PRINCIPAL BUILDING The mansion (listed grade II*) lies towards the northern end of the site, on the highest point, with views south to Harrow on the Hill. Originally a nine-bay, three-storey, Italianate building with cement rendering, rusticated quoins, and a balustraded parapet, there are a number of later additions. The house built by James Duberly after 1755 was acquired by the first Marquess of Abercorn in 1788. Almost immediately Lord Abercorn commissioned Sir John Soane (1753-1837) to enlarge the house, which he had renamed The Priory. Between 1788 and 1798 Soane prepared numerous schemes (drawings of which survive in the Soane Museum) for the new owner and eventually remodelled and extended the existing house providing a lavish new reception wing and a porte-cochere (Stroud 1961). Between 1810 and 1818 the house was further enlarged by Sir Robert Smirke (1780-1867). Sir John Kelk made a number of additions including the Tuscan Portico to the south front, an Italianate clock tower, and a large conservatory on the west side. The conservatory was demolished in 1939 and later replaced with utilitarian office blocks. The mansion, which was severely damaged by fire in 1979, presents a largely Victorian exterior but much of Soane's C18 house survives, including the porte-cochere on the north front.
GARDENS AND PLEASURE GROUNDS The mansion has lost much of its surrounding pleasure grounds. To the west the shrubberies, paddock, carriage drives, and bowling green have been subsumed under modern (C20) RAF buildings.
The area to the north of the house was largely developed for private housing in the late 1920s and only an occasional cedar survives as a reminder that this was once the much admired Cedar Garden developed after 1818, possibly by William Sawrey Gilpin (Potter 1994). In 1850 Keane described it as a beautiful flower garden adorned with all that art and good taste could supply. The many features included ancient cedars, a rose garden, an orangery, a large artificial rockery, and two summerhouses. One of the summerhouses, the favourite tea room of Queen Adelaide, survives in the grounds of the neighbouring C20 house, 'Ad Astra'. The main elements are depicted on the 1st edition OS map of 1865 which shows an enclosed area crossed by wide walks. Many of the trees planted to the south of the Cedar Garden area and around the mansion were cut back during the Second World War as part of the defence of the property.

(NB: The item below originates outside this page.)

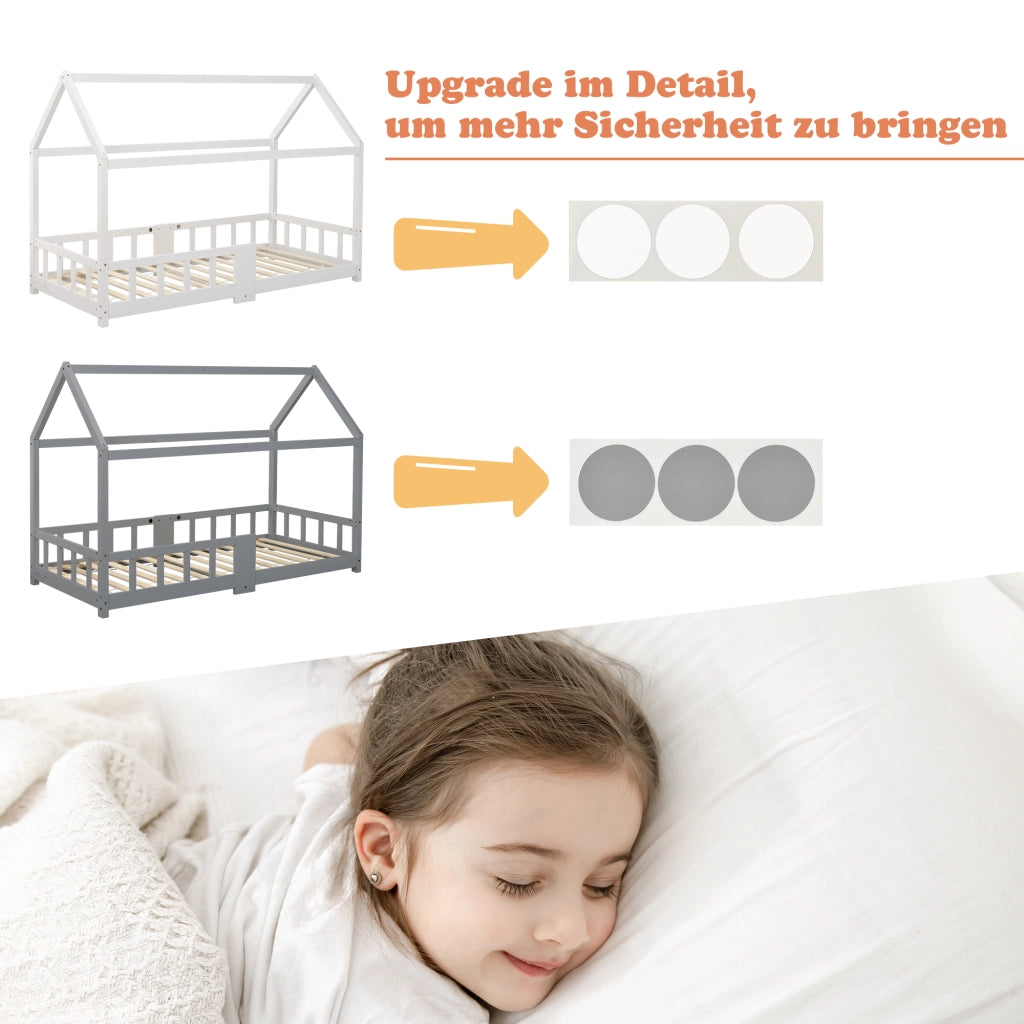 Letto a casetta per bambini 90 x 200 cm, letto in legno per cameretta con lavagna, rete a doghe e sponda di sicurezza, in legno di pino, grigio (senza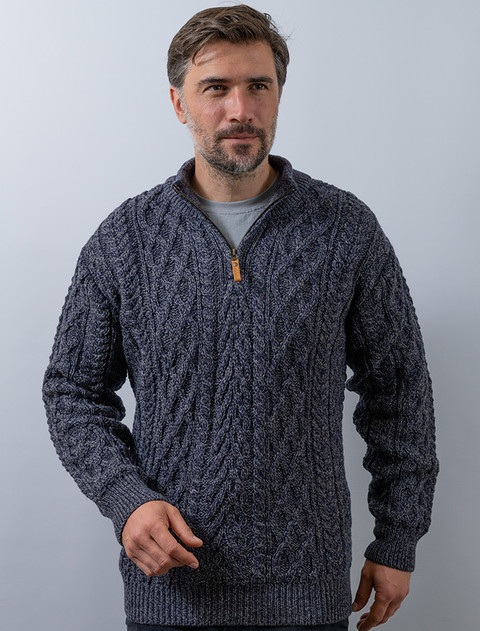 Zip-Neck Aran Sweater - Cormorant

To the south of the mansion is the Terrace Garden which, although much simplified, retains elements of the C19 design. Wide gravel paths, the Upper and Lower Terrace Walks, run for 122m east/west to the south of the mansion. The terraces, laid largely to grass, have circular bedding areas around three raised vases (C19), flat marble seats, and smaller gravel walks. Flights of stone steps at either end of the main walks link the two terraces. The dominant feature of the Lower Terrace is the centrally placed, semicircular balustraded platform ornamented with a circular basin and fountain. The C19 fountain, still in working order, is set in grass with strip beds containing heathers. Stone steps lead from either side of the fountain on the Lower Terrace down to the lawn, with a second pair at either end of the Lower Terrace (matching those linking the Upper and Lower Terraces). The roughly oval lawn slopes quite steeply to the south, creating a bowl-like effect, to the metal security fence that separates the land occupied by the RAF from the parkland. The fence is screened by C20 plantings of rhododendrons and conifers which also serve to block the view across the parkland to the lake. Developed in the early C19, at the same time as the Cedar Garden, the Terrace Garden was described in the c 1848 Sale catalogue (Brooks and Green) as having a French flower garden descending to the lower pleasure grounds and park, in which there was an ornamental fountain. According to Willis' detailed description (J Horticulture and Cottage Gardener 1868), Sir John Kelk and his gardener, Mr Rutland, concentrated much of their horticultural efforts on the bedding schemes of the Terrace Garden. The Upper Terrace garden was at that time known as the Grand Italian Garden. Their work is well illustrated in the late C19 Sale particulars (Driver & Co 1880) and by illustrations from Gordon's hotel prospectus (1885). The Grand Italian Garden was decorated with cut beds, urns, seats, yews, and laurels. The platform on which the fountain and basin stood was decorated with beds and gravel paths.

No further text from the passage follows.